Well, it makes the process of financing retirement more difficult and expensive, including 401(k)s.

Private pensions in the US (close to $3 trillion) are basically solvent. Under US and IAs rules, pensions have been measured based on market interest rates for decades. Employers got the memo early, and the majority of private sector pension plans have been in the process of winding down for years now, but it's a long tail and, in aggregate, companies are still a couple hundred billion in checks away from wrapping this up.

A minority of employees continue to maintain pension plans despite the stringent requirements. These plans are fine.

In DC plans, employees are getting the meme and responding in obvious ways (save more, work longer.)

The unsolved problem in the US are the ongoing public sector pensions, which continue to use fanciful 8% numbers in their calculations and often can't be shutdown. A recent law in Illinois aimed at reining in future pension accruals was struck down last year by the Illinois Supreme Court.

I suspect in Europe, where state pensions play a larger role, the situation is more dire. The memo has not gotten through.

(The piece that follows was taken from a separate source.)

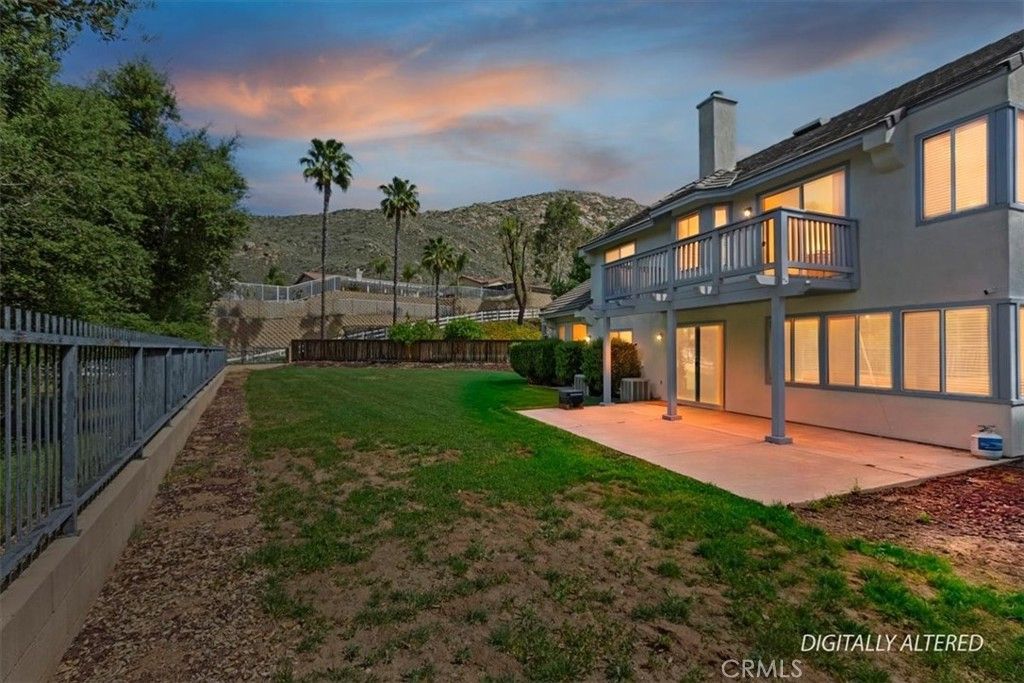 Image 42 of property listing at 10011 Thornbird Court N, Moreno Valley, CA 92557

Regarding Illinois, the Democratic Party has controlled the government for a decade and is in thrall to public sector unions.

A state rep that broke with the party on pensions is now being destroyed with old tapes, none of which were apparently an issue during the 12 years when he toed the line.


Anyway, this guy may have 100,000 voters in his district, and I think 15,000 families in the district have government jobs, so he's gotta be dead in the water, right?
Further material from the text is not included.